> _Try it_
Please write out only the lines from the line with "Vivienda Rural el Retorno" to the line with "AS 1580.483.1", inclusive, exactly as they stand below, without the pictures.

────

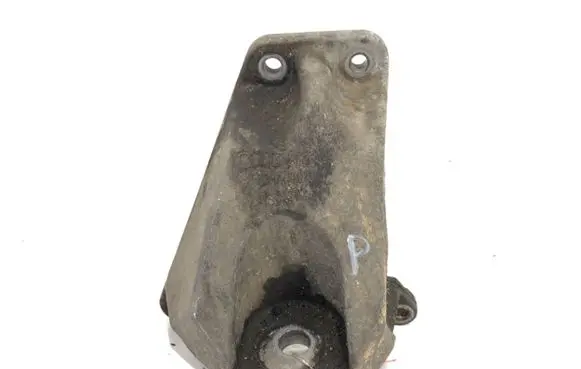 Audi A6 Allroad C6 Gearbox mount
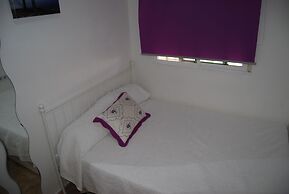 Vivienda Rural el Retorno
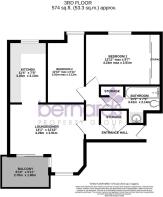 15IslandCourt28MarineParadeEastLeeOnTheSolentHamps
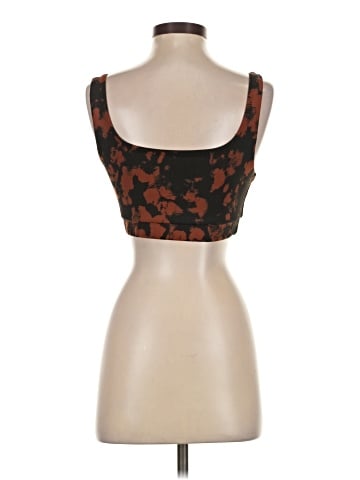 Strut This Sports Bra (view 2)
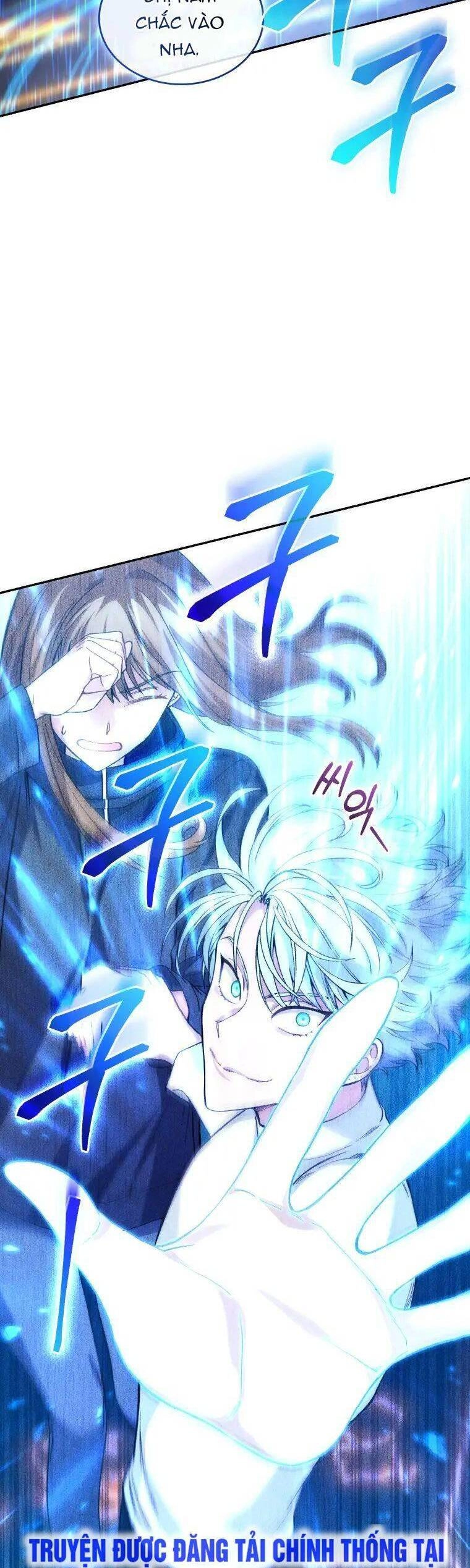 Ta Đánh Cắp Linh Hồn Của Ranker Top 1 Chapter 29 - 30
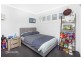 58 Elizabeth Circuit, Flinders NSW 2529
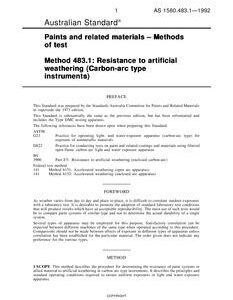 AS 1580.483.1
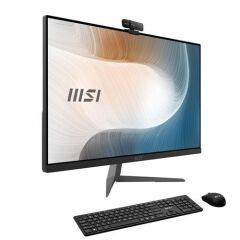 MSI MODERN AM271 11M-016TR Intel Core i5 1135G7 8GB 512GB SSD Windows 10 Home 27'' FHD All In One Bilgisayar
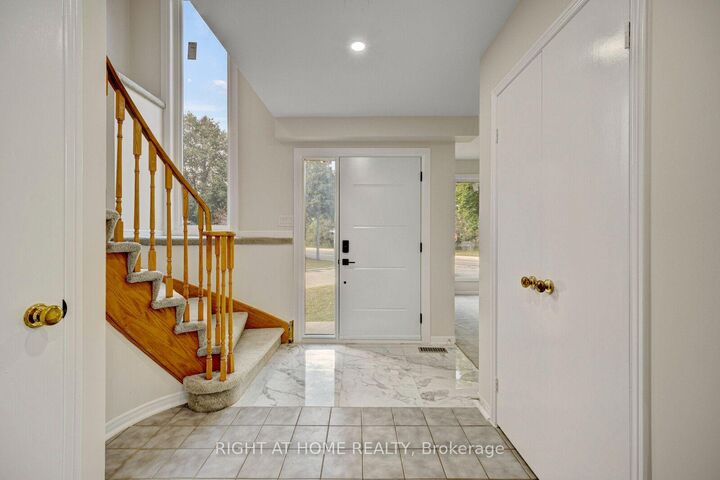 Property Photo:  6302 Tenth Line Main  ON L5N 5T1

────

> _Response below_
 Vivienda Rural el Retorno
 15IslandCourt28MarineParadeEastLeeOnTheSolentHamps
 Strut This Sports Bra (view 2)
 Ta Đánh Cắp Linh Hồn Của Ranker Top 1 Chapter 29 - 30
 58 Elizabeth Circuit, Flinders NSW 2529
 AS 1580.483.1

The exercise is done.